Malam itu lampu dimatikan dan mereka dipaksa menghadap tembok dan ditanya tentang kejadian itu. Mereka terus menerima pukulan. Bak buk bak buk! Padahal di luar sejumlah jurnalis sudah menunggu. Warga pun berkumpul. Tapi tidak ada satu pun yang boleh menaiki lantai 4 kantor LBH. Entah kenapa tidak diperbolehkan masuk. Seakan-akan penggerebekan ini seperti menghadapi kumpulan teroris.
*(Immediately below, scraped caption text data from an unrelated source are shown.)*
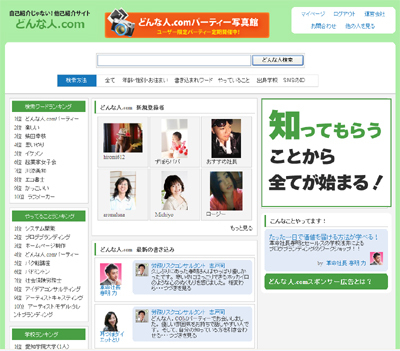 革命社長 春明の「革命社長ブログ」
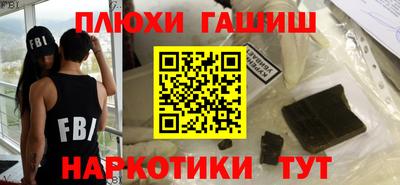 ешки Балаково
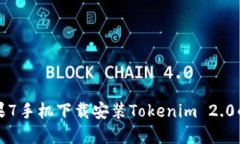 ### 苹果7手机下载安装Tokenim 2.0的详细步骤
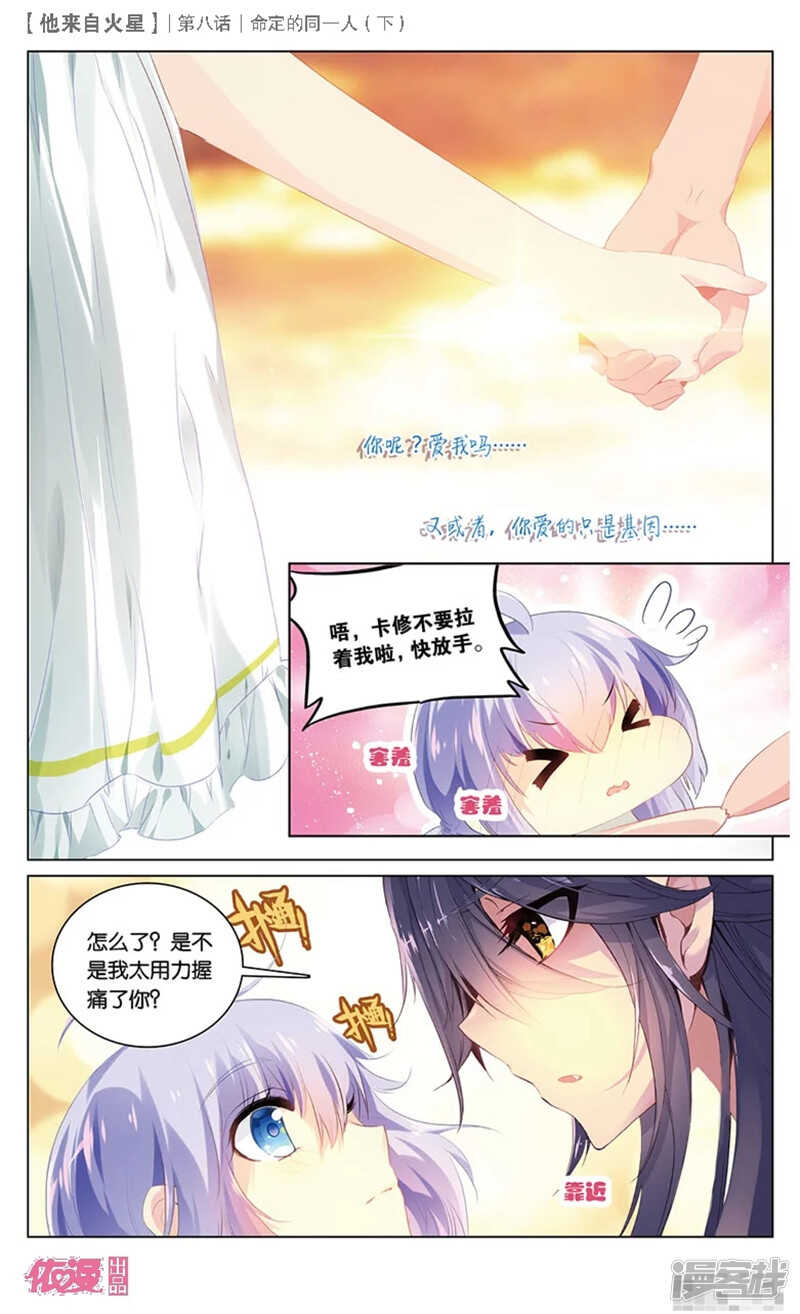 23 被讨厌了嘤嘤嘤（下）6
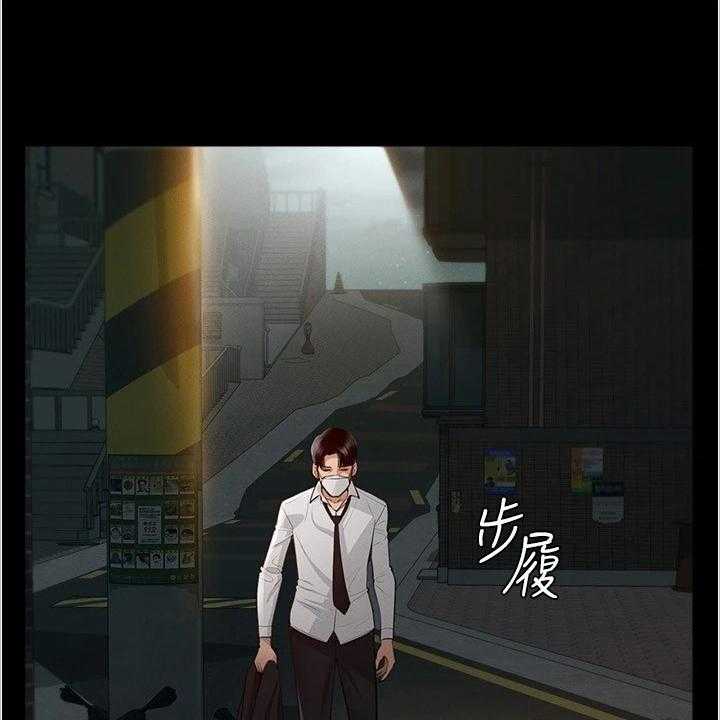 《完美系统》第1话 1_开端 第29页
Sejumlah mahasiswa terluka. Pinggang Reza disulut dengan korek api hingga terluka. Akhirnya, sebanyak 52 mahasiswa kemudian dibawa ke Polda Metro Jaya. Dalam proses penyidikan wajah Reza ditampar.
Setelah penyidikan selama satu hari Reza dan sejumlah mahasiswa lainnya dimasukkan ke dalam penjara. Reza dan 13 mahasiswa lainnya masuk ke dalam blok D 28. Tentu saja rasa takut menyelimuti mereka saat masuk penjara. Tapi ternyata mereka disambut bak pahlawan.
Reza satu blok dengan otak teror bom buku, Pepi Fernando. Tak hanya Pepi di blok D28, mereka juga bertemu dengan sejumlah terdakwa terorisme seperti dari Aceh dan Klaten.
“Kalau ada yang mau malak atau mintain duit bilang aja,” ungkap Reza menirukan Pepi yang menyatakan akan menjaga sejumlah mahasiswa.
Diantara 13 mahasiswa lainnya Reza sering mengobrol dengan Pepi. Berdasarakan obrolan mereka, bahwa perjuangan mahasiswa dengan kelompok Pepi memiliki tujuan yang sama, namun caranya saja yang berbeda yakni mengusir kapitalisme dari Indonesia untuk Indonesia lebih baik. “Indonesia berkiblat kepada Amerika.”
Pepi dan sejumlah terdakwa teroris lainnya adalah titipan Densus 88. Di blok D28 mereka dipisahkan oleh ruang yang berbeda.
Pepi sangat baik, mahasiswa yang ditahan di Blok D 28 dibagikan secara gratis baju dan sajadah. Mahasiswa juga diberikan teh, kopi, dan makanan. Semua itu adalah barang kiriman orang-orang yang menjenguk Pepi.
“Gue kepengen ketemu Ali Imron, bisa gak?”
“Kalo lu agak lama di sini, gue temuin lu sama Ali Imron,” kata Pepi kepada Reza. Mereka tertawa.
Di Blok 28 mahasiswa tak hanya kenyang dengan makanan dari Pepi. Blok itu adalah blok paling berisik. Di sana mahasiswa justru berdiskusi dan tertawa-tawa. Hal itu adalah upaya, paling ngga mengurangi stress dan mengontrol psikologis mahasiswa.
Reza juga melihat blok lain teman-temannya stress berada di dalam tahanan. Sejumlah mahasiswa juga mengaku tidak mandi dan ganti baju selama 4 hari di sana. Reza tak menyesali ditangkap dan dipukuli.